А вот Вы о чём  :Smilie: 
Да это из найденных буддийских текстов самые ранние. К Бактрии отношения не имеют. 
Считается, что они найдены в восточном Афганистане в районе нынешнего Джелалабада Афганского. Написаны на языке гандхари (относится к индоарийской группе), шрифтом _кхарошти_ (производный от шрифта _брахми_) 

Индоарийская культура вообще длительное время была устная, письменность довольно поздно появилась даже как  для античности. И естественно с Ближнего Востока, через Иран/Арьяну. Все  индоевропейские письменности оттуда, в том числе и древне греческая.

----------


## Владимир Николаевич

> Увы, но в Наланде ничего древнее 5-го века не накопали. В Бактрии, напоминаю, махаянские артефакты 2-го века 
> 
> 
> 
> 8-й - 9-й век, как и следовало ожидать, в Китае постарше даже материалы 
> 
> Третья в ряду Taxila, действительно древняя, но там как раз - сюрприз! - греческие находки 
> 
> Интересное кино, правда?


Увы, но Наланда и Викрамашила это места жизни Будды Шакьямуни и вихары в тех местах существовали с тех времён
И если уж хотите архитектурных древностей времён жизни Будды, то поищите развалины в этих областях, напр. в Раджгире, Шравасти, Вайшали ....

Что касается слова _греческие_ , то уже ж не раз говорилось. Не греческие, а эллинской археологической культуры. К современной Греции и грекам имеющей мало отношения.

Индоарьянские народы, сами - важнейшая часть, и центр эллинской культуры !
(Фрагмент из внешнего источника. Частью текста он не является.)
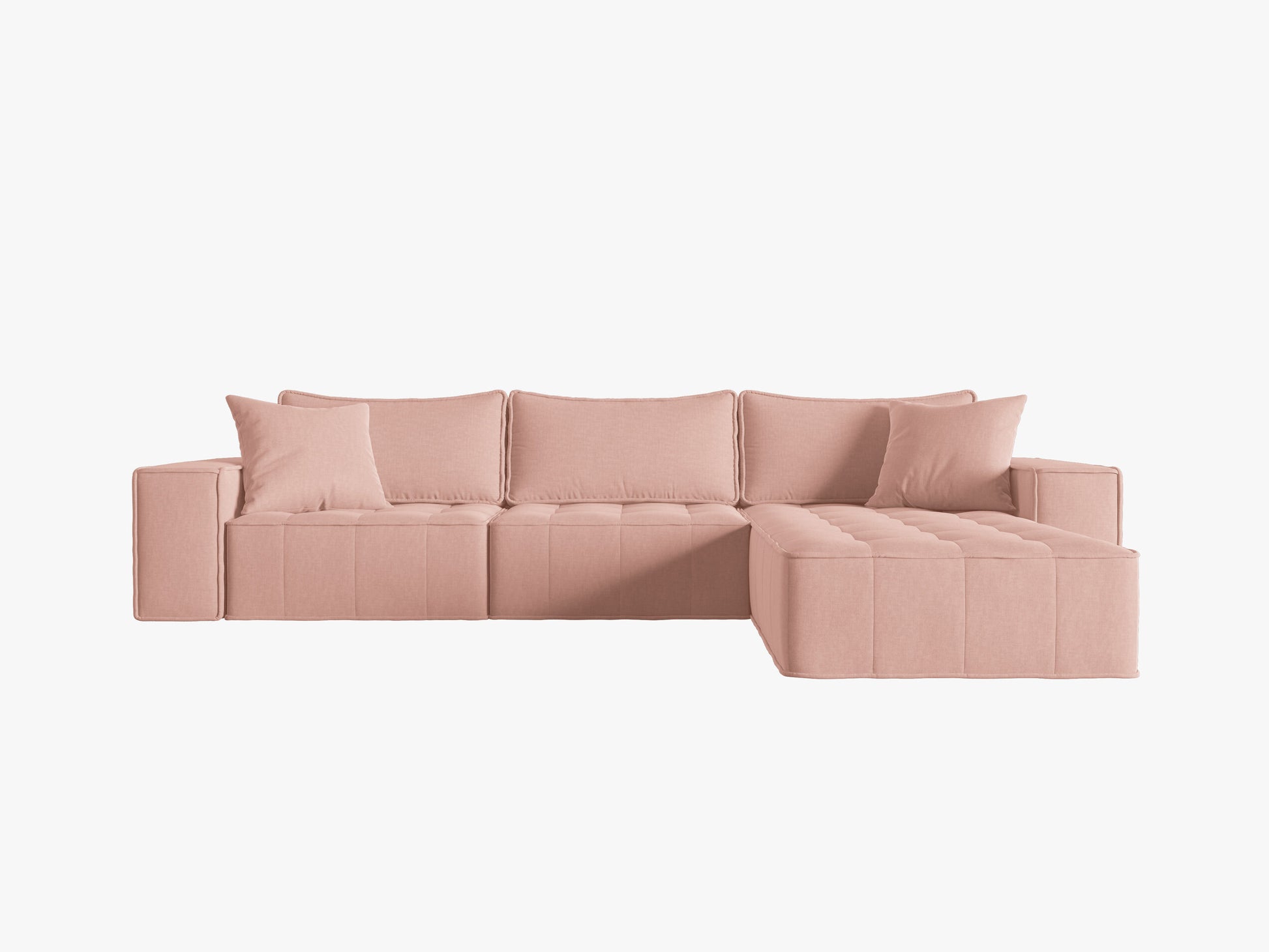 Mike Structured fabric (Bopink) / Pink 0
В общем: _в греческом зале, в греческом зале_, если мы уж скребём - то обнаруживаем как-раз влияние Арьянской культуры  :Smilie:

----------


## Крымский

> шрифтом _кхарошти_


Да что же это такое! 
Не шрифтом, это письмо от арамейского произведенное, использовалось в Бактрии, Согде и Гандхаре. 
Можно греческими буквами было записать попробовать, можно арамейскими, а можно вот такими каракулями из арамейских переделанными.
Понимаете о чем это говорит? На Руси такое тоже не один раз произошло, у нас буковки у самих крипто-греческие  :Smilie: 




> Индоарийская культура вообще длительное время была устная, письменность довольно поздно появилась даже как для античности. И естественно с Ближнего Востока, через Иран/Арьяну. Все  индоевропейские письменности оттуда, в том числе и древне греческая.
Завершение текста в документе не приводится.